* [REQUIRED ACTION]
Only the lines from the one with "Пальто серого цвета" through the end of the data below belong in the answer, restated word for word, pictures excluded.

* [SOURCE DATA]

# # #

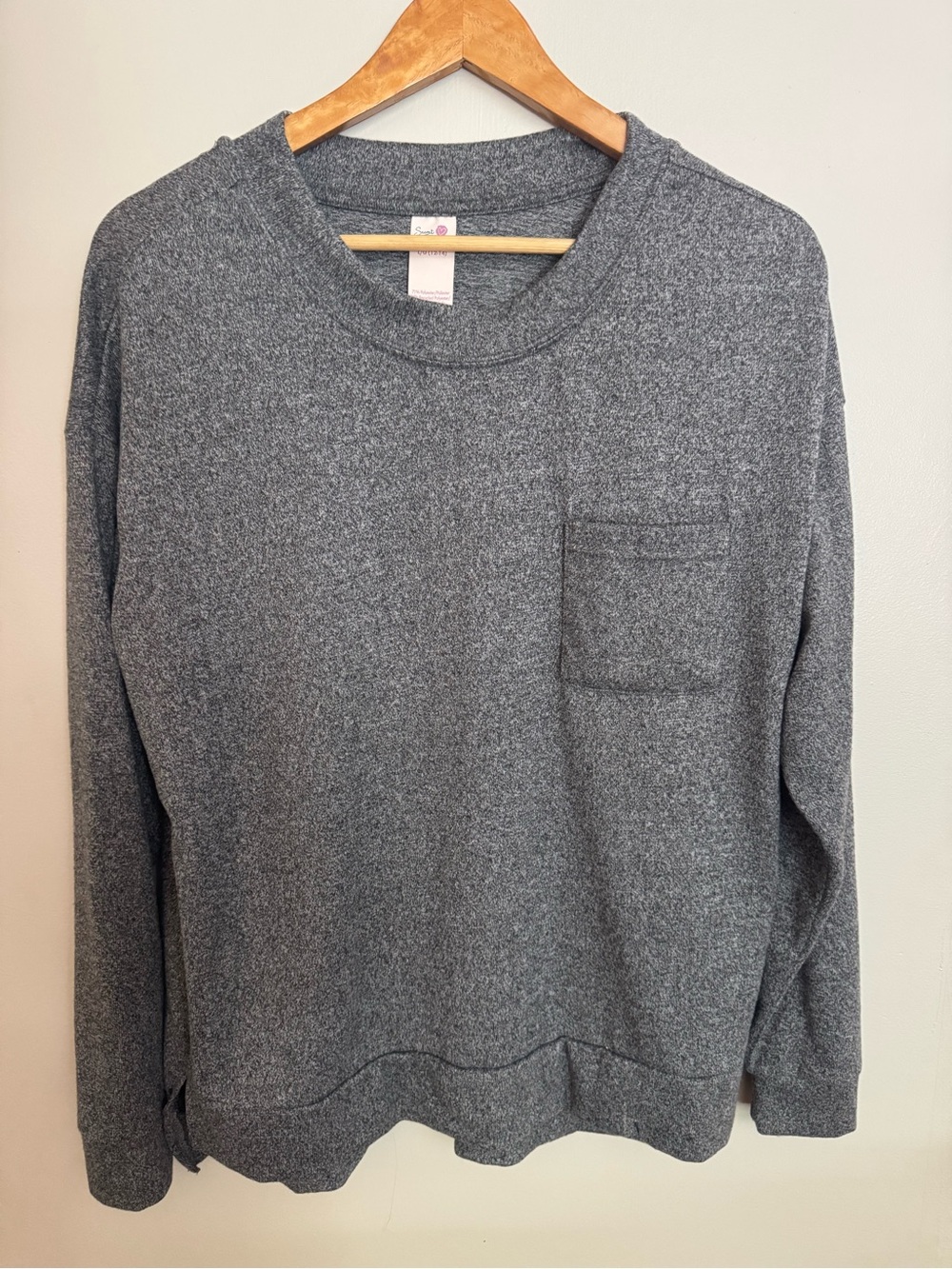 Secret Treasures Women’s  Heather Gray Crewneck with Pocket
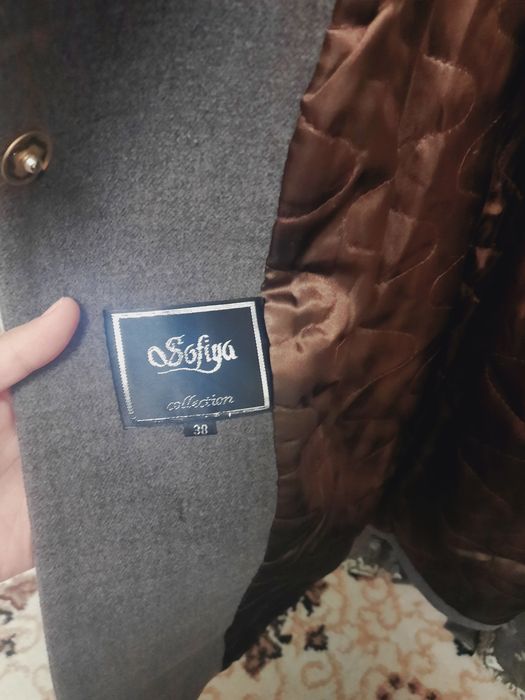 Пальто серого цвета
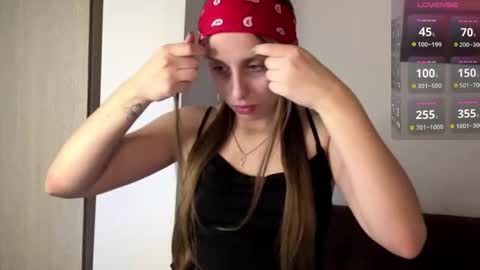 evarenard_ online show from April 5, 5:23 pm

# # #

* [WRITTEN ANSWER]
 Пальто серого цвета
 evarenard_ online show from April 5, 5:23 pm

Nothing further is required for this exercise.